More than 30 members of the al-Sultan family are sheltering in a U.N. school in the town of Deir Al-Balah with hundreds of other displaced people.
“We came to the beach to take a breather, to escape from the feeling of the crowded schools and from the depressing and polluted environment we are in,” said Asmaa.
“People come to the beach to relax, to swim, for their children to have fun, they take food with them. But we are so depressed. We are on the beach but we want to cry.”
Hundreds of thousands of people have left their homes in northern Gaza, which has borne the brunt of Israel’s military assault, to seek refuge in tents, schools or the homes of friends and relatives in the southern part of the strip.
The gruelling conditions in the tent camps and schools, with overcrowding, a dearth of toilets and showers, and long daily queues for small rations of food and water, have been compounded by the psychological impact of bombardment and displacement.
The beach at Deir Al-Balah has a row of fishermen’s huts at the back, towards the bottom of a slope strewn with rubbish. Some displaced people had taken up residence in the flimsy huts, clothes hanging on strings outside.
‘WHAT WILL HAPPEN TO US NEXT?’
Waleed al-Sultan, one of Asmaa’s younger relatives, was trying to untangle a net near the huts as he prepared to go out fishing in a small boat, hoping the truce would mean he could do so without danger.
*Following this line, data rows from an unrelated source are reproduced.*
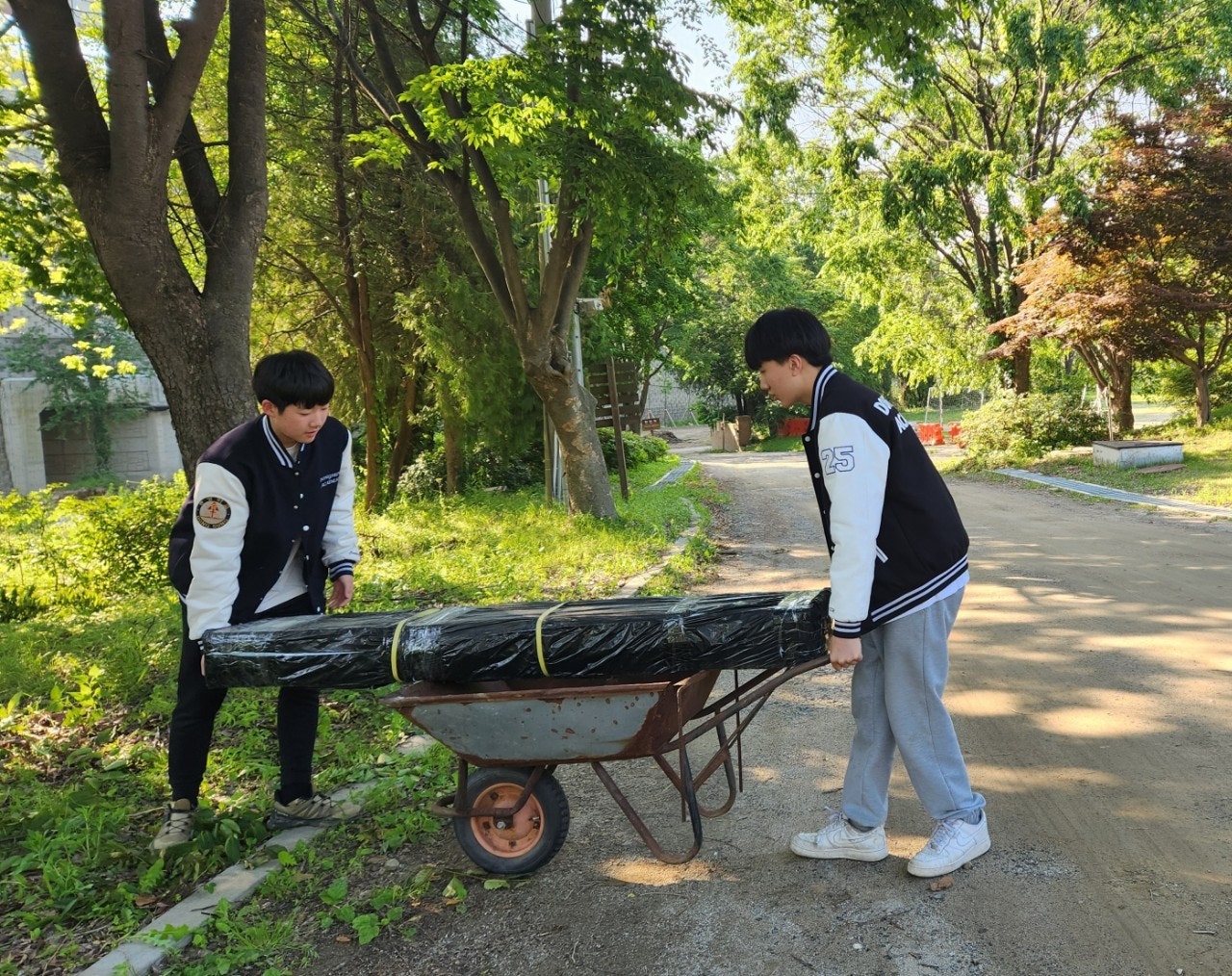 사용자가 올린 이미지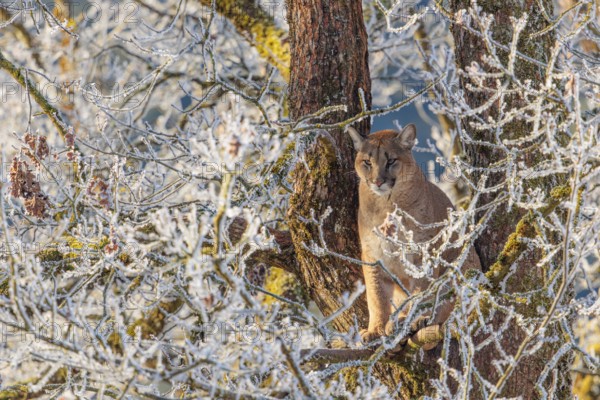 An adult female cougar (Puma concolor) sits high up in a frost-covered oak tree on a sunny, cold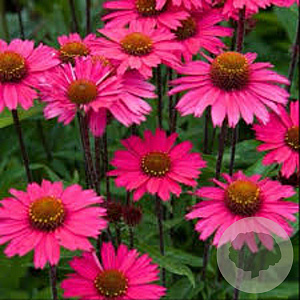 Echinacea 'Sensation Pink' GM P9
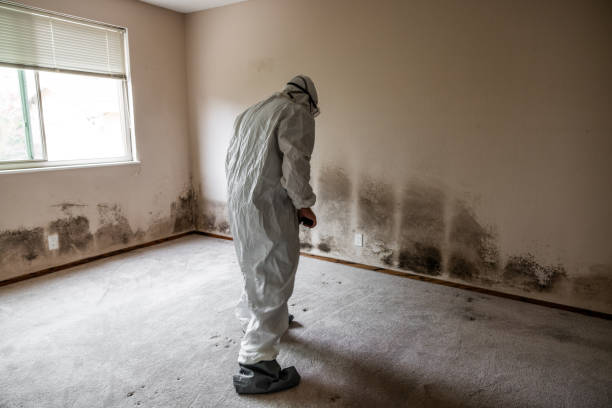 Best Mold Testing and Inspection Services in North Barrington, IL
“I brought nothing with me when I was displaced, so I thought I would make a living from fishing, but the (Israeli) guards stopped me and started shooting at us,” he said.
The war began when Hamas militants burst out of Gaza on Oct. 7 and rampaged through southern Israel, killing 1,200 people, including babies and children, and seizing 240 hostages.
Israel responded with an all-out assault on Gaza which has killed 14,800 Palestinians, four in ten of them children under 18, according to health officials in the Hamas-controlled territory.
While some displaced people have seized the opportunity of the four-day truce, which began on Friday, to check on their homes, others have been too fearful to return to the north, much of which has been reduced to a wasteland.
“We are afraid about the end of these four days. We don’t know what will happen to us next,” said Hazem al-Sultan, Asmaa’s husband.
He said they and their relatives had not dared to head north for fear of being shot at by Israeli soldiers, and had no idea what state their homes might be in.
“We are afraid for our children, for ourselves, and we don’t know what to do,” he said.